Automated software systems such as ICNet give hospitals a chance to reduce the likelihood of outbreaks by 20 per cent. This is a major plus, as each outbreak costs, on average, £400,000 and damages the hospital’s reputation.

The UK has seen significant reductions in the past 10 years in incidences of MRSA and Clostridium difficile. Investment in ICNet automated technology throughout many NHS Acute Trusts has played its part in achieving this reduction, along with national education efforts and clean hands campaigns. Dr Christine McCartney, Executive Director for the Health Protection Agency’s Healthcare Associated Infection and Anti-Microbial Resistance Programme, said: ‘With funding available to NHS Trusts, many Infection Prevention teams chose to implement a programme of automated surveillance technology to improve their data quality and target their resources more effectively.’

Overseas reactions to the HCAI problem have been mixed, but no country has a unified system and most are reluctant to face up to the fact that up to one in ten patients entering hospital acquire an infection. In 2010, the Scottish e-Health programme wanted to be sure they were on the right track by installing and investing in a national infection control case management and surveillance programme. They therefore commissioned an independent report by Deloitte into the effectiveness of upgrading four regions to the latest ICNet technology which, by this time, had been rolled out to every continent of the world. Scotland has thus set an example in high quality care by prioritising investment.

In Germany there has been a recent installation of the ICNet software in Greifswald University Hospital. Dr Nils-Olaf Hübner, scientific coordinator of HICARE – a project aiming to develop an intervention strategy against the spread of multi-resistant pathogens – explains, ‘Integrating the ICNet solution into our HICARE project will help us to improve identification and tracking of multi-resistant organisms. The more we know, the better we can react.’

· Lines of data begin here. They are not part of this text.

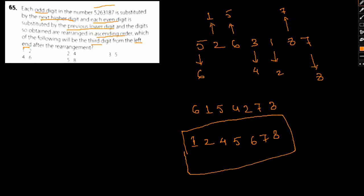Now which of the following will be the third digit from the left end? The third digit from the left end is 4, so option 2 is our answer. So I hope this is clear to you how we solve the question. This is a basic number arrangement kind of question, so I hope everything is clear to you. If you have any doubt, kindly go through the video multiple times and try and solve this question. This was a fairly easy kind of question so I don't think you'll have any kind of difficulty in solving the same.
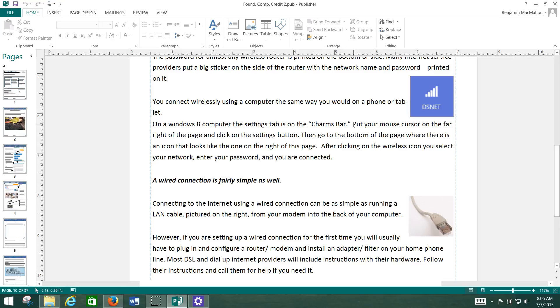And what they'll do is they'll send you a router modem, router and modem, in the mail. Or they'll send somebody out to your house to actually set it up for you. And nowadays, that modem is usually a wireless modem. And you can also connect to it with a wire if you want to. And the wire looks like this guy right here.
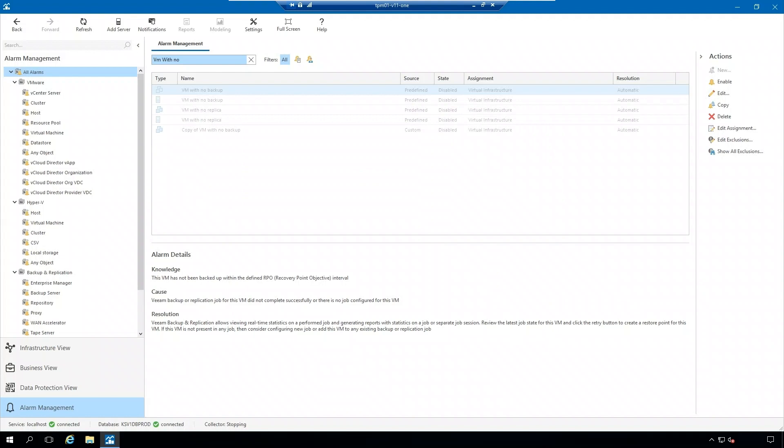And those are the alarms that you should be taking a look at if you want to help detect and respond to ransomware in your environment using Veeam One.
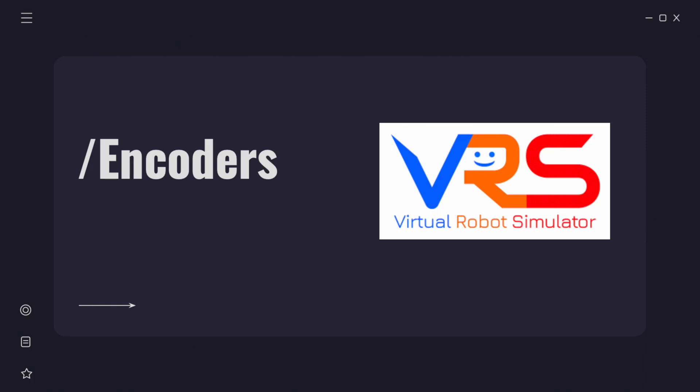Today we're going to learn about what encoders are, why we need them, and how to implement them in the virtual robot simulator.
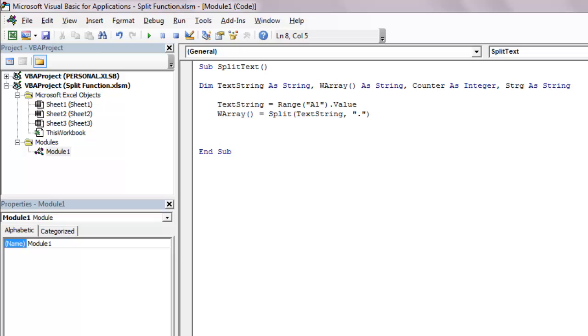We will now need a for loop to spit out our substrings on different rows. For counter equals LBound warray to UBound warray.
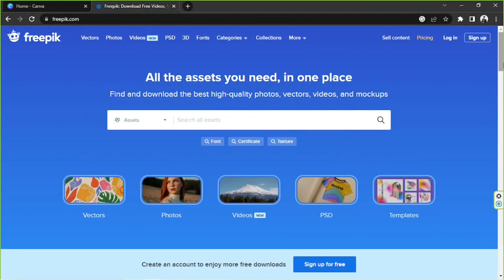Hello everyone! Thank you for tuning into our channel once again. Today's video request is how you can use FreePic files in Canva. I'm going to be providing two examples for today's video: the first one is how to import FreePic photos or images, and the second one is how to import FreePic templates, how to open them, and how to use them within Canva. So whichever you want to learn first, just skip through.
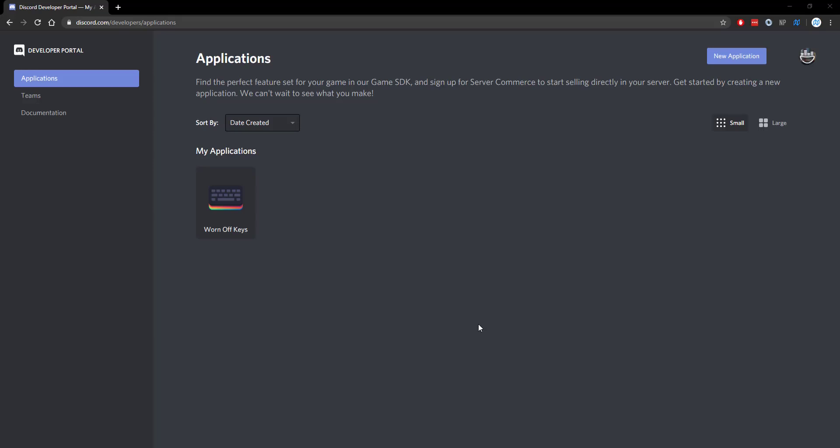Hello everyone, Alex here from wornoffkeys.com. In this series, I'm going to be going over how you can use Discord.js to create your own Discord bot. In this first video, we're going to be simply creating our bot and getting it set up in our testing server.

Leading private hospital group, Mediclinic Southern Africa, has confirmed that there has been a positive reduction of HCAIs at its hospitals since they installed ICNet. Briette du Toit, Infection Prevention and Control Specialist at Mediclinic Southern Africa, says: ‘With 52 hospitals covering such a large geographical area, ICNet really helped me to understand what is happening in each hospital. I am able to monitor trends and alert organisms and assist with potential outbreaks. The alerts we receive through the system have been invaluable and have helped us to control potential outbreaks, saving us time and of course enhancing patients’ quality of life. Since using ICNet we have seen a reduction in HCAI rates which is quite significant, particularly when considering the resistant organisms that are emerging.’

The University of Leicester Hospitals Trust is among several British healthcare organisations to have adopted the programme. There, Liz Collins, Senior Infection Preventionist, explained: ‘ICNet supports the work of the Infection Prevention team by retrieving data from multiple systems, which saves time, because we used to search for this information. We are able to respond more quickly as microbiology results come through automatically, so we no longer have to wait until we are notified by a microbiologist.’

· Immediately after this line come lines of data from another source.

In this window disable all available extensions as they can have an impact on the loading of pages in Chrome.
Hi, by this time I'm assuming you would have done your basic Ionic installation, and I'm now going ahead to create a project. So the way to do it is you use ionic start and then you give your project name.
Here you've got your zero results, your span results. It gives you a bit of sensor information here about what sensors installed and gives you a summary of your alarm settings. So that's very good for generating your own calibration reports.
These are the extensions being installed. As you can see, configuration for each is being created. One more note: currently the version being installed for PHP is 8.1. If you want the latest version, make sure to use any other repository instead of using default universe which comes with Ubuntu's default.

In 2011, the UK National Institute of Clinical Excellence issued guidelines on reducing HCAIs which recommend the use of fit for purpose, integrated technologies, which ‘allow data from multiple sources (epidemiological, clinical, microbiological, surgical and pharmaceutical) to be combined in real time and capture surgical-site and post-discharge infections.’ ICNet is the only supplier globally which has been passed as fit for purpose by the UK Department of Health.

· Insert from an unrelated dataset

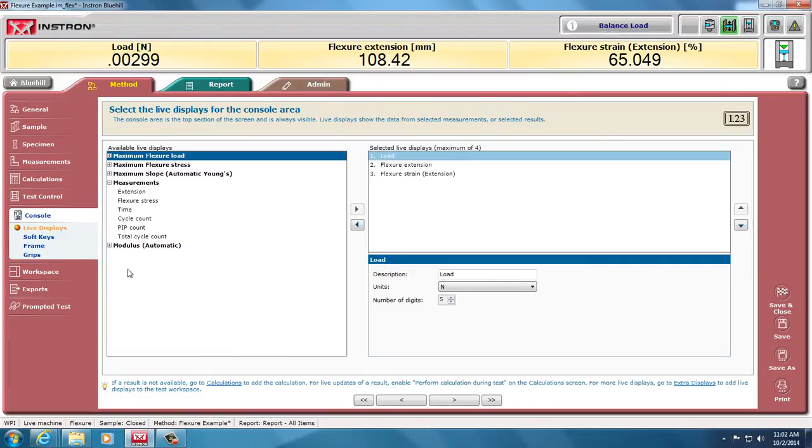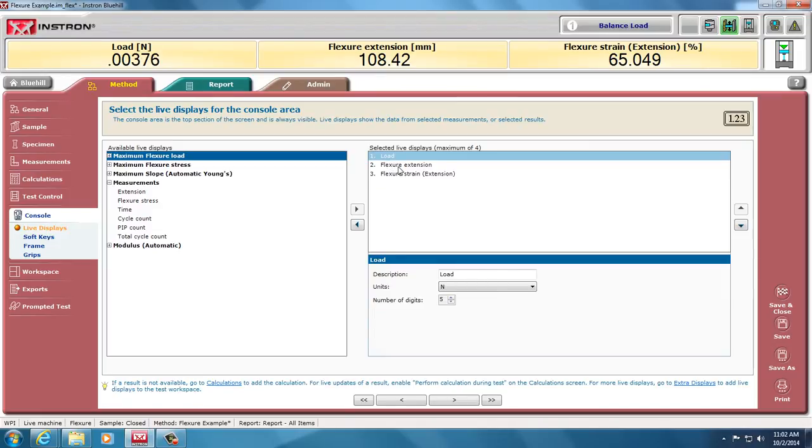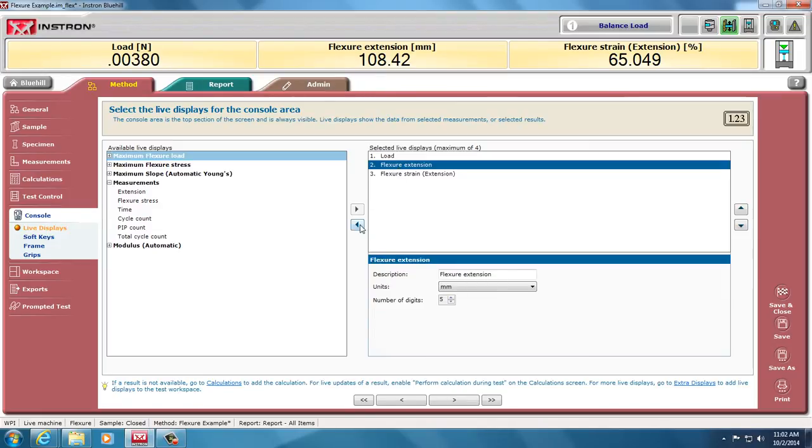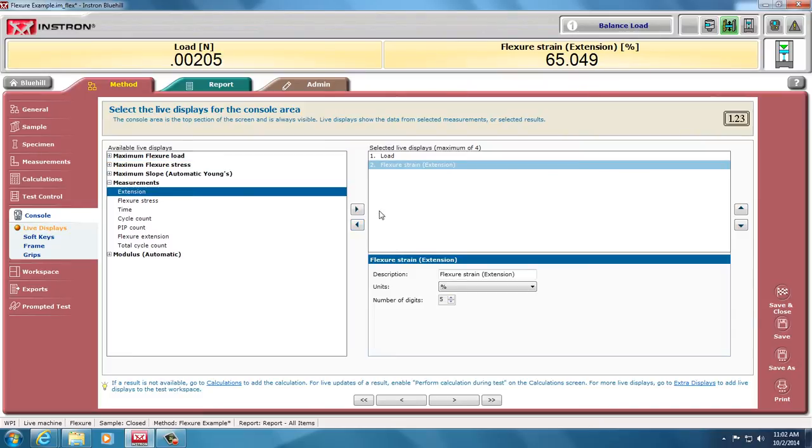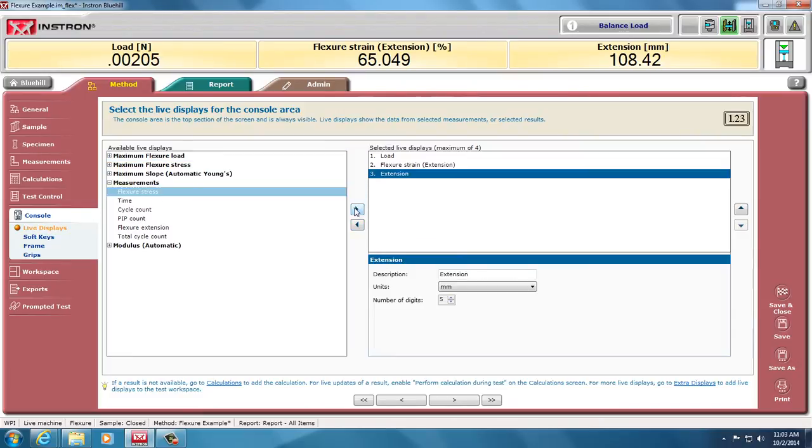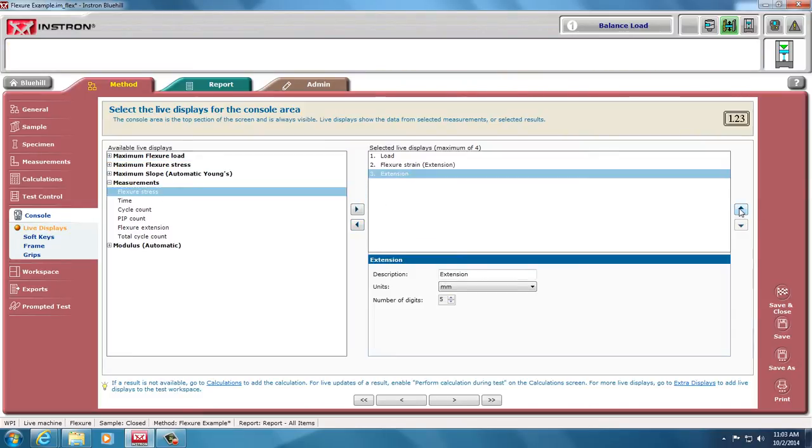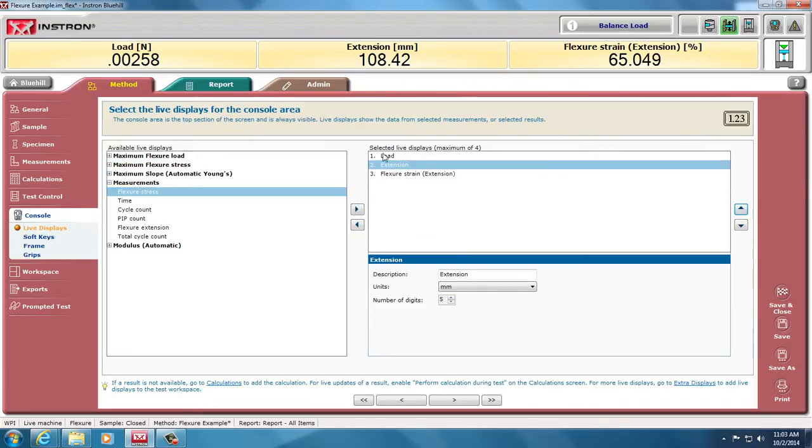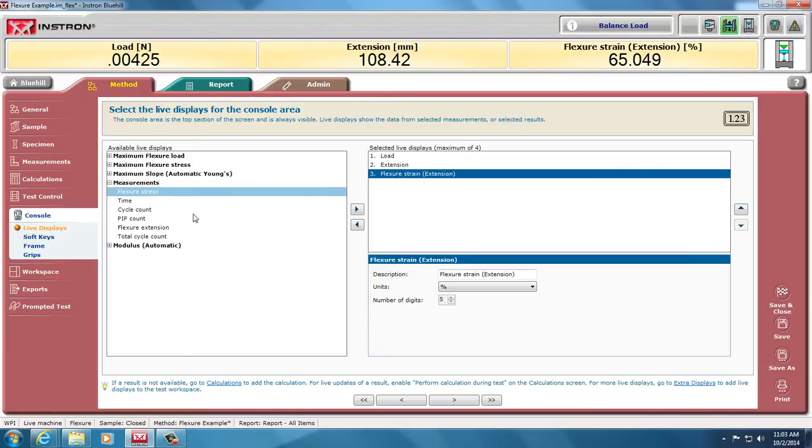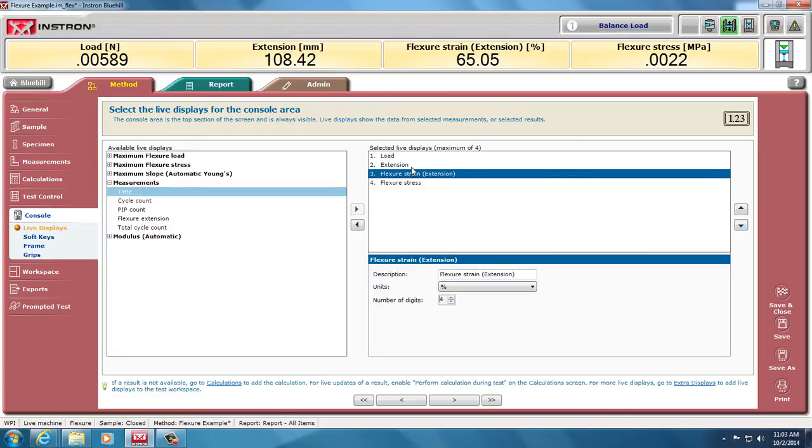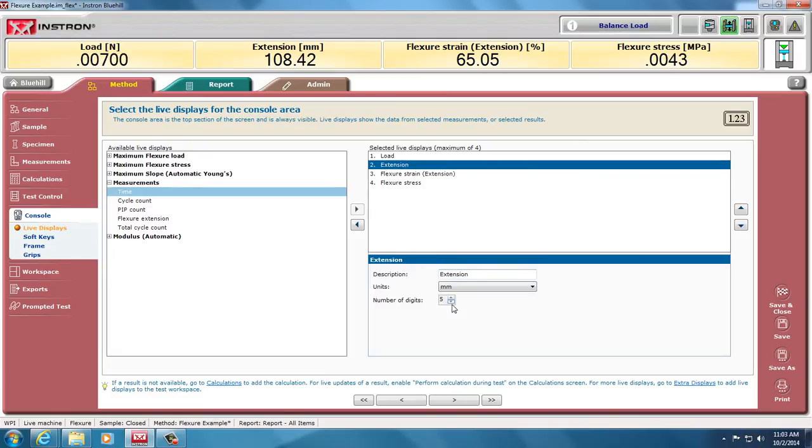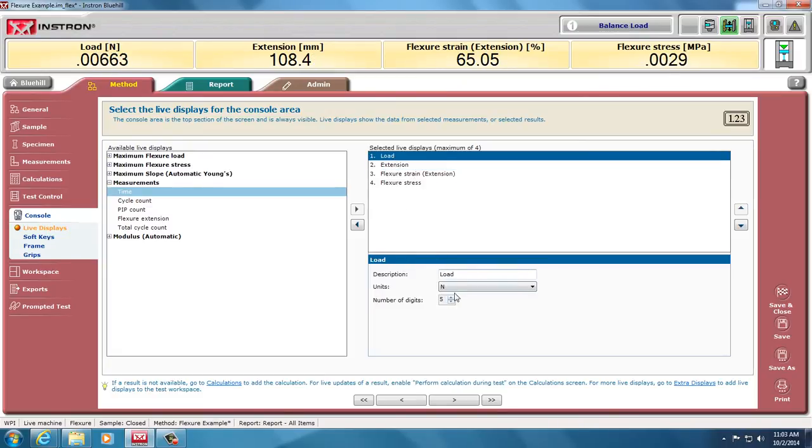In Blue Hill 3, we can set the live displays up here at the top. Right now, they're load, flexor extension, and flexural strain. I would like to have four, and I'm not interested in flexural extension, just regular extension. They are actually the same thing for three-point bending. But those are my raw data and my measured flexural strain and flexural stress I would like indicated. You can only go down to four decimal points, digits. That's more than enough.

ICNet is utilised by the majority of NHS acute facilities in the UK, making standardisation and benchmarking between NHS ICNet users meaningful for epidemiological analysis. This also means that the ability of the technology to reduce infections can be easily shared for the benefit of the wider healthcare system.  ICNet can facilitate reports to national public health bodies, consequently strengthening a country’s ability to understand the burden of infection and invest in strategies to reduce them. ICNet’s software seems to be a British solution to a global problem.